# The Bear Montana Bites Another One



## Al33 (Feb 12, 2015)

This young man (Josh) fresh out of the US Navy had stopped by to get some firewood a few weeks back and wanted to know if I needed any help. I told him I would come Spring and took his number. I also told him we would work a good bit but would have to take breaks to shoot bows and he was all for that. He couldn't wait until Spring and showed up this afternoon just in case I had something for him to do. As it turned out I had just started filling my wood bins and welcomed the help. After a few hours of work I broke out the bows and put the old Bear Montana in his hands. He had not shot what he called a "real" bow before and with a little instruction he was well on his way. I told him beforehand that I had a 20/20 rule and that if he paid attention he would hit a soda can at 20 yards inside of 20 minutes. He did better than that hitting this pill bottle from about 16 yards. He was so excited he wanted to have his pic taken so I obliged with both his phone and mine. I then took him to the hill where he tried his hand at the rolling jugs. After many close shots he finally hit a fast rolling one solid and he celebrated with a yell. I then started throwing pill bottles on the hillside and again he was all over them barely missing as they tumbled and rolled down the hill. He set his phone up to video his shooting at the bottles then stopped and said; "OK, I'm going to hit it this time.", and darned if he didn't. He thanked me over and over again saying he had not had so much fun in a very long time. The truth is I had more fun than he did. I am certain he will be coming to an NGT shoot in the very near future if not the next one. I told him that once he does his life will likely never be the same because of all the fine folks he would come to know.


----------



## Todd Cook (Feb 12, 2015)

Good going there Al. It's always good to get someone new started.


----------



## SELFBOW (Feb 12, 2015)

todd cook said:


> good going there al. It's always good to get someone new started.



x2!


----------



## Clipper (Feb 12, 2015)

Sounds like you did a good days work and had fun doing it!  That's a good way to live.  Thanks for taking time with a veteran.


----------



## jerry russell (Feb 13, 2015)

Good work Al.  Bows can really change lives. 

Bring him up to the house this spring for a night of bow fishing.


----------



## 2wheelfoster (Feb 13, 2015)

Way to go Al!


----------



## dm/wolfskin (Feb 13, 2015)

You're bad AL. Way to ruin a Vet.


----------



## broadhead (Feb 13, 2015)

What a great afternoon. I bet he is hooked now.


----------



## Jake Allen (Feb 13, 2015)

That is great man!

It is a good thing you have been putting a notch on that bow for every first time shooter, because the limb would be broken by now.


----------



## Al33 (Feb 13, 2015)

Jake Allen said:


> That is great man!
> 
> It is a good thing you have been putting a notch on that bow for every first time shooter, because the limb would be broken by now.
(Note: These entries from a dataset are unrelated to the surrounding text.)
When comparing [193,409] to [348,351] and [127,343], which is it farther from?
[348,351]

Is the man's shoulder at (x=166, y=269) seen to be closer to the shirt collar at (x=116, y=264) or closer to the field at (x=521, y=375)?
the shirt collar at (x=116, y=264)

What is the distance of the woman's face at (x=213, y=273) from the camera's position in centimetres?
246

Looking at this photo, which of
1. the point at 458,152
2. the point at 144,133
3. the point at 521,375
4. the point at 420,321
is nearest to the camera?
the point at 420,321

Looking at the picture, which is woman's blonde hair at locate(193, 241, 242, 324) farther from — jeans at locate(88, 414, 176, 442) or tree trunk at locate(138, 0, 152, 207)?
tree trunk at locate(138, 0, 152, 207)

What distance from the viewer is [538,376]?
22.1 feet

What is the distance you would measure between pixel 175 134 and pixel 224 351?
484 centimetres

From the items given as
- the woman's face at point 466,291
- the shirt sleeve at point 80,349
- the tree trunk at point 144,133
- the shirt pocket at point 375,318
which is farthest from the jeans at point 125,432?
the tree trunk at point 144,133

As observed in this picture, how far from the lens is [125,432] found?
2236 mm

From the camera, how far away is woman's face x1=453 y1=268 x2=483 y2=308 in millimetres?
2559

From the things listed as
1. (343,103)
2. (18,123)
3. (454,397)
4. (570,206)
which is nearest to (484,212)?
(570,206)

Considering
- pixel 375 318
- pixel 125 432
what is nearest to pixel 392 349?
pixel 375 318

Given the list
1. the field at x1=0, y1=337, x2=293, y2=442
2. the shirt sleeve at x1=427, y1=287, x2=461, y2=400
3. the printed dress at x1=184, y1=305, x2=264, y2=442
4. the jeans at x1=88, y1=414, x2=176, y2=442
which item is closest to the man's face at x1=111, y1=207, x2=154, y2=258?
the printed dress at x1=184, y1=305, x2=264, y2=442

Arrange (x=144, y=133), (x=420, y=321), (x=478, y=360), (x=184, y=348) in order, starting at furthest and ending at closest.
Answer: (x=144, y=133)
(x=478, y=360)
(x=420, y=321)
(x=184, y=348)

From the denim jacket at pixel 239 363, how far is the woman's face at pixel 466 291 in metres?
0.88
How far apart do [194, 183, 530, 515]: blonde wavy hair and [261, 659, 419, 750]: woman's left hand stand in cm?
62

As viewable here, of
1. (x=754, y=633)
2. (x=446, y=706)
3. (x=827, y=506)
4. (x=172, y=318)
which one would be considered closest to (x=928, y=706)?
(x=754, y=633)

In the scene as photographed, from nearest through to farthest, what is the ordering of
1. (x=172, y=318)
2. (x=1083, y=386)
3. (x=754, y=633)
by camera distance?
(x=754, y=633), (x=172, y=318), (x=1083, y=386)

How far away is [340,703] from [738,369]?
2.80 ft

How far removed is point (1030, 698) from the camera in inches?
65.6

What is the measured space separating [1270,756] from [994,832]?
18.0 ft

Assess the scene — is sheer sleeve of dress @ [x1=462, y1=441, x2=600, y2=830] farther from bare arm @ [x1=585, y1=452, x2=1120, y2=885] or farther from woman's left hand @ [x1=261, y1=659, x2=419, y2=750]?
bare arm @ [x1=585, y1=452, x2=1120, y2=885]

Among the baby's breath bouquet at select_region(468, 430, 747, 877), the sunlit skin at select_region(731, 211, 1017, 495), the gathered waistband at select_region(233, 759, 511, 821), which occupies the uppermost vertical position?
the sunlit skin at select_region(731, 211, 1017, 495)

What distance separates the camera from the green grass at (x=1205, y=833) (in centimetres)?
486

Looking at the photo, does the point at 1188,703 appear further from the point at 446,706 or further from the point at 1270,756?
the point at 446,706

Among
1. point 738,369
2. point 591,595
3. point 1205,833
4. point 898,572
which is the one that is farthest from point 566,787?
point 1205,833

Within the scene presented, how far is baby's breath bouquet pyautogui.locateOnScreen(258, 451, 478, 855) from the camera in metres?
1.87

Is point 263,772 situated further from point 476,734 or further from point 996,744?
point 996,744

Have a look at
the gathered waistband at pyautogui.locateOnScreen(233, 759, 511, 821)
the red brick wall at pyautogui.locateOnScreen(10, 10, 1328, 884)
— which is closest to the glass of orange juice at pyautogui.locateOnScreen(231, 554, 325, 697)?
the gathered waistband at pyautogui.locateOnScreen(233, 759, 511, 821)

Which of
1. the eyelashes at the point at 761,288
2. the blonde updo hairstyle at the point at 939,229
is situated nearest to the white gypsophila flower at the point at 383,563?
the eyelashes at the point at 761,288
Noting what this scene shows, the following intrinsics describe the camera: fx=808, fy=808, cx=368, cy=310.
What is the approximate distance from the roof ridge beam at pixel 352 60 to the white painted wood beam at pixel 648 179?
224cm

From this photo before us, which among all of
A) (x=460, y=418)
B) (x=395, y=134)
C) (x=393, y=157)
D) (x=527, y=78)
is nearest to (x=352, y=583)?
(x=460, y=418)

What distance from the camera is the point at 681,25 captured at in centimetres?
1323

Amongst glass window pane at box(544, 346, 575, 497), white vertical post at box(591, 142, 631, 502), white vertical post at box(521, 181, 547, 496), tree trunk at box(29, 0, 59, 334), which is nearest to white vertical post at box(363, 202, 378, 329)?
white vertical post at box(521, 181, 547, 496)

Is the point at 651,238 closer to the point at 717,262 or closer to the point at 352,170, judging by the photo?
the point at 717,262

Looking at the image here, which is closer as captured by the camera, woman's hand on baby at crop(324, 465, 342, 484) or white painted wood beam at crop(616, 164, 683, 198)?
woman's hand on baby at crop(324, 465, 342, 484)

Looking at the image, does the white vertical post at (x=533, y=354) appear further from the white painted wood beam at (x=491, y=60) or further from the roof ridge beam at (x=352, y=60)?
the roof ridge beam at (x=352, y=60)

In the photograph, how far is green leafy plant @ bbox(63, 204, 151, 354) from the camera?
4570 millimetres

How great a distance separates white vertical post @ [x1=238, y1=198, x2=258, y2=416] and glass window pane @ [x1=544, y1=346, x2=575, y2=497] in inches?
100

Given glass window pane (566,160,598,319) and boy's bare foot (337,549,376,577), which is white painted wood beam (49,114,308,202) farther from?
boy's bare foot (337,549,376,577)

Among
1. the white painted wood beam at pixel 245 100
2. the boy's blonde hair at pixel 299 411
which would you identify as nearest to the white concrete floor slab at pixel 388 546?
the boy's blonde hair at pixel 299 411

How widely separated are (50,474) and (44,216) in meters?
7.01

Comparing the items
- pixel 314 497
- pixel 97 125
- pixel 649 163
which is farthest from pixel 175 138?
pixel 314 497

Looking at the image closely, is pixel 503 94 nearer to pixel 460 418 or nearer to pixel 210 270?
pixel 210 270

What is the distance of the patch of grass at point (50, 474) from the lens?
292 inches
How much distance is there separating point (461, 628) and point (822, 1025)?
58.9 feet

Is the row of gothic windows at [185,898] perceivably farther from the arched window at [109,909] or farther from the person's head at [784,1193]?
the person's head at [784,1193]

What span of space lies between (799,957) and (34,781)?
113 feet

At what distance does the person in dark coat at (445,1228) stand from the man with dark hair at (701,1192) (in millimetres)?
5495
I wished I had put the names of everyone who has been hooked on trad archery after shooting this bow on the bow. I can't remember everyone or I would do it now. Maybe I will go ahead and do as many as I CAN remember. I know it is a bow I will never let go of as long as I am alive, it's very special to me.


----------



## Jake Allen (Feb 13, 2015)

Al33 said:


> I wished I had put the names of everyone who has been hooked on trad archery after shooting this bow on the bow. I can't remember everyone or I would do it now. Maybe I will go ahead and do as many as I CAN remember. I know it is a bow I will never let go of as long as I am alive, it's very special to me.



I know you can add me, Gene, and (I think) Nugefan to that list.


----------



## SELFBOW (Feb 13, 2015)

Need something at your house for everyone to sign that has come to shoot bows....


----------



## Al33 (Feb 13, 2015)

Jake Allen said:


> I know you can add me, Gene, and (I think) Nugefan to that list.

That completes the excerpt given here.